Rite Aid files for bankruptcy, facing $3.3B in debt and opioid lawsuits
On Sunday, the pharmacy chain announced that it has filed for bankruptcy and obtained $3.45 billion in fresh financing as it carries out a restructuring plan while coping with falling sales and opioid-related lawsuits.
Rite Aid, the nation’s third-largest pharmacy chain, has filed a Chapter 11 bankruptcy filing on Sunday.
Hobbled by $3.3 billion in debt, declining revenue and potentially massive opioid legal liabilities, the 61-year-old, Philadelphia-based company has filed in an effort to close unprofitable stores. The pharmacy has announced that is has received a commitment for $3.45 billion in new financing.
Rumors have swirled for weeks that the company was plotting a bankruptcy filing, though the company had told Law.com that no decision has been made. “Rite Aid is continuing to work collaboratively and constructively with our financial stakeholders to identify the best path forward to reduce our debt and position the business for continued success,” spokeswoman Alicja Wojczyk Sr. said.

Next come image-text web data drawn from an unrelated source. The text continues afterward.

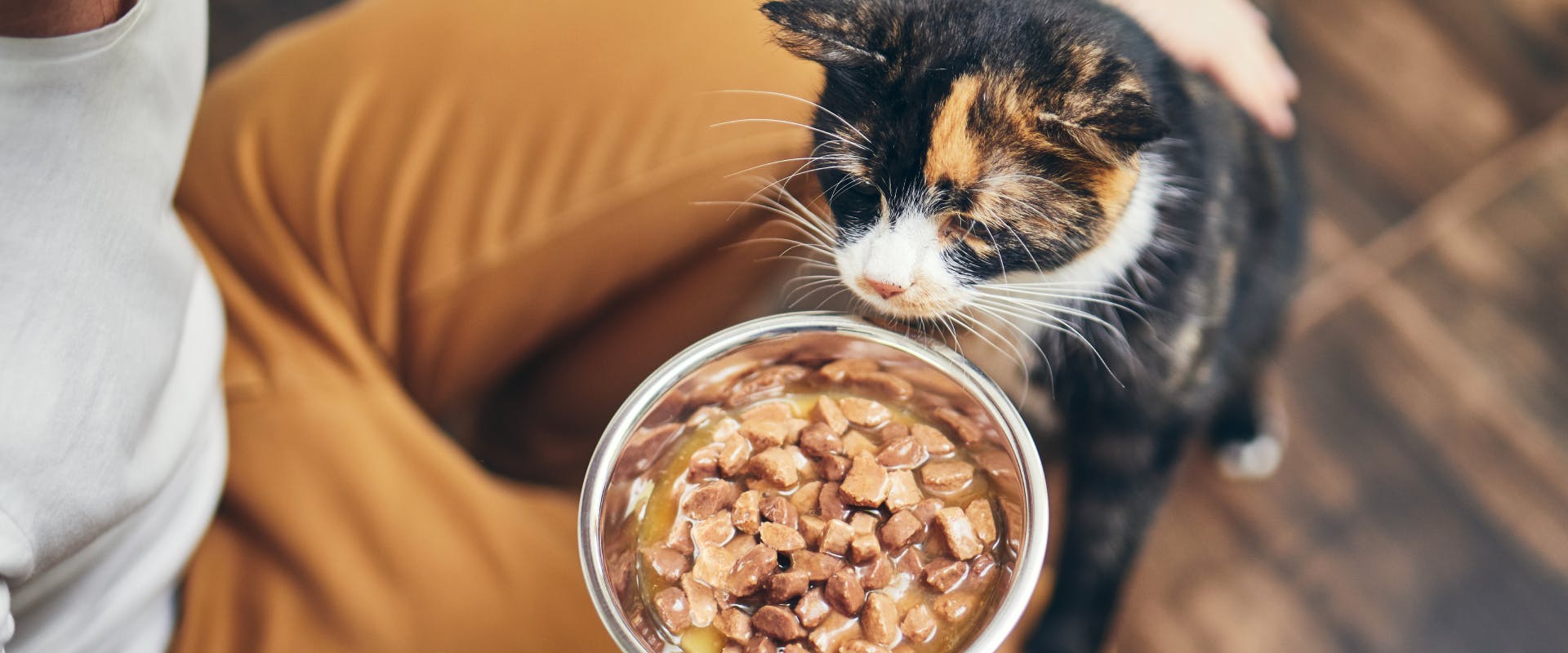 An adult cat is fed some wet cat food.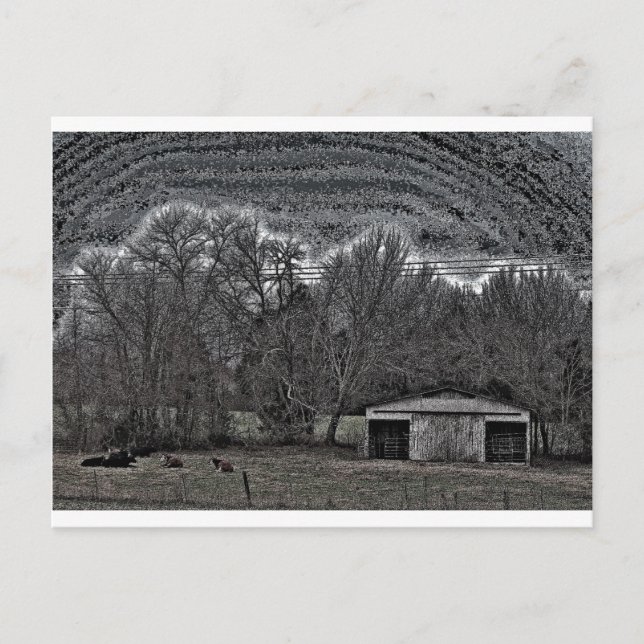 White Barn Vykort (Framsida)
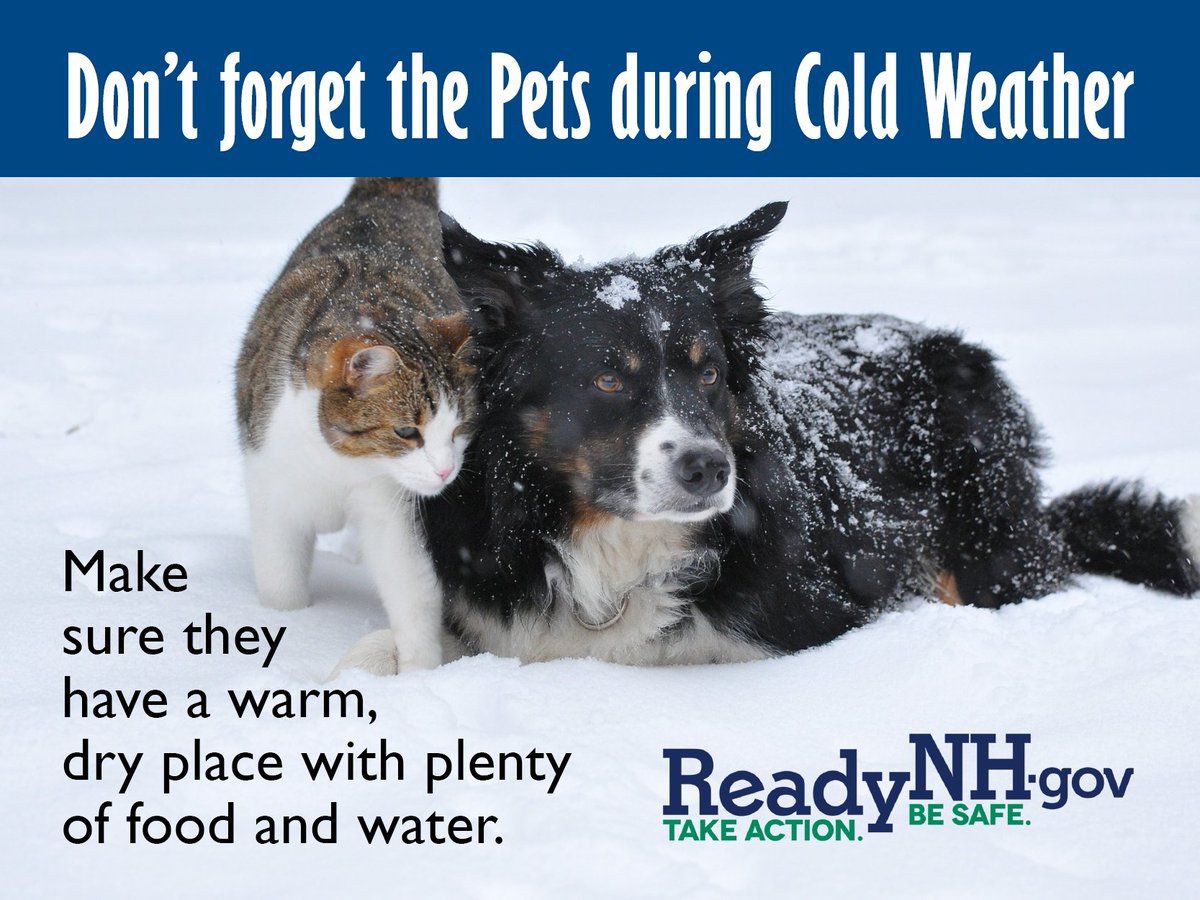 NH_HSEM's tweet image. [10:07 AM] Emmert, Judith
Dangerously cold wind chills are expected overnight into tomorrow.  Remember to keep your pets safe from the cold - make sure they have a warm, dry place with plenty of food and water! #ReadyNH #NHwx #BeSafe #BePrepared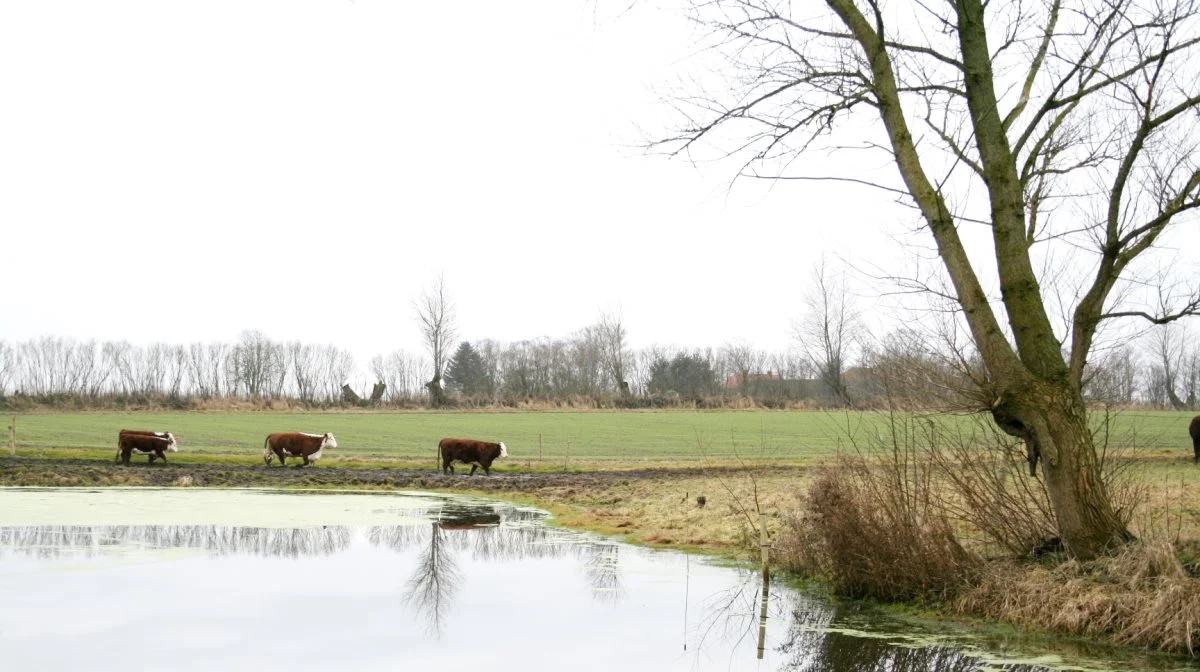 Ifølge Landbrug & Fødevarer Kvæg tager aftalen højde for de særlige udfordringer, som kvægproducenter står overfor, herunder de bedrifter, der arbejder med naturpleje eller slagtekalveproduktion. Arkivfoto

The path out of bankruptcy involves reaching a manageable resolution to the more than 1,000 consolidated federal and state lawsuits alleging Rite Aid pharmacies improperly dispensed prescription opioids to its customers, contributing to addictions and deaths.
The legal heat on Rite Aid escalated in March, when the Department of Justice filed a civil suit based on information from whistleblowers alleging the company filled prescriptions with obvious red flags and intentionally deleted internal notes about suspicious prescribers.

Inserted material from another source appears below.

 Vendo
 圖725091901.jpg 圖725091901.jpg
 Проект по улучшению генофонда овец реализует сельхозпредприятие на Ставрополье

The company has responded to the suits by declining to comment or by stating that it is defending itself against all relevant claims.

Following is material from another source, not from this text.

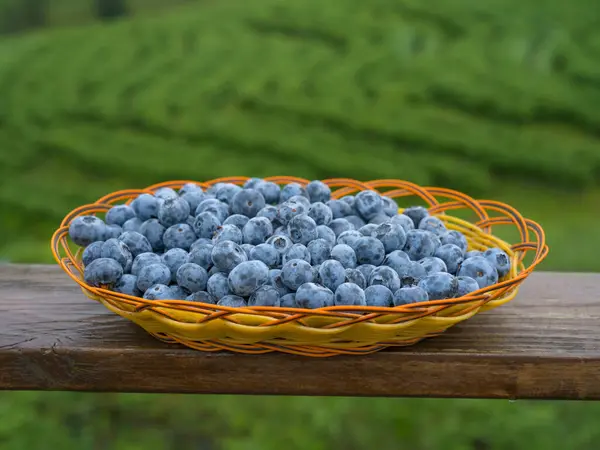 Blaubeere Zweig Danzhai Guizhou Stockfoto
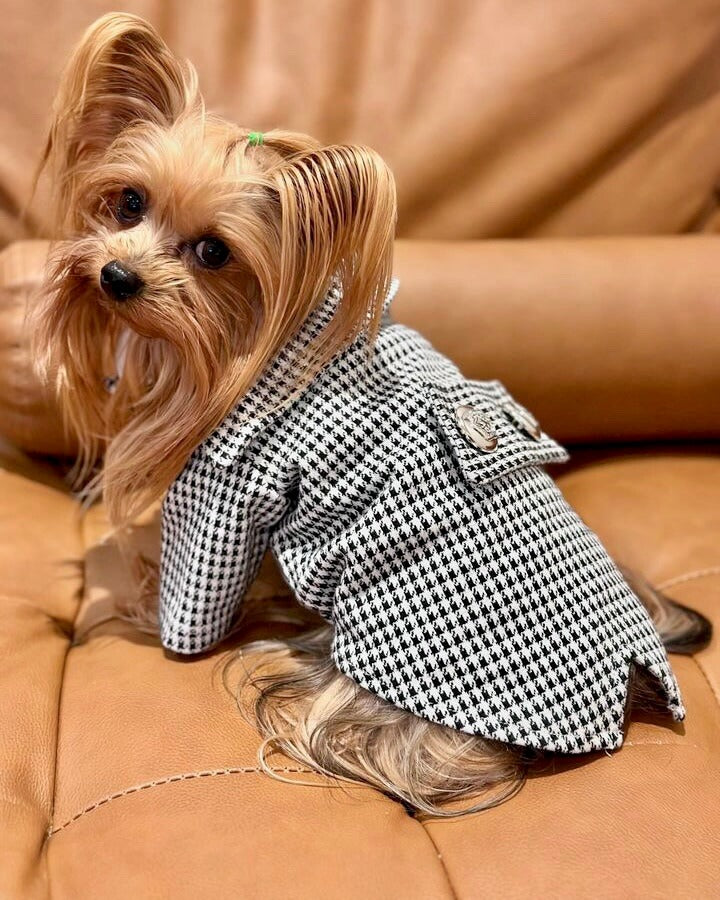 Houndstooth Suit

“With regard to claims made against Rite Aid by opioid plaintiffs, that’s a gigantic aspect of the general counsel’s duties,” Kenneth Rosen, chair emeritus of Lowenstein Sandler’s bankruptcy practice, told Law.com.
Related: CVS, Walgreens, pharma firms agree to pay $19B in opioid settlement money to states by year’s end
Settlements have left the nation’s No. 1 and No. 2 pharmacy chains, CVS and Walgreens, on the hook for more than $5 billion apiece.
Rite Aid, which began in 1962, became the third largest U.S. chain of drugstores in less than two decades with more than 2,000 retail stores in 17 states. However, the pharmacy has been struggling for years, amid stiff competition from CVS, Walgreens and Walmart. In 2015, Walgreens agreed to buy Rite Aid and the 4,600 stores it had at the time for $17.2 billion. But after regulators raised antitrust concerns Walgreens wound up buying 1,932 Walgreen stores for $4.4 billion.
Three years later a plan to sell the remaining stores to the Albertsons grocery chain unraveled.
CVS and Walgreens, neither of which is facing a high bankruptcy risk, have opted for extended payment terms to pay opioid settlements over time —10 years for CVS and 15 for Walgreen.
It’s unfortunate that the many customers that count on Rite Aid for their medications might not have alternative pharmacies they can go to instead, Rob Chesnut, a former general counsel and former chief ethics officer at Airbnh, said.
The tasks at hands are far too numerous for Thomas Sabatino Jr., chief legal officer of Rite Aid, to handle himself, which means he will rely extensively on outside counsel.
According to The Wall Street Journal, the company has tapped Kirkland & Ellis to usher it through bankruptcy.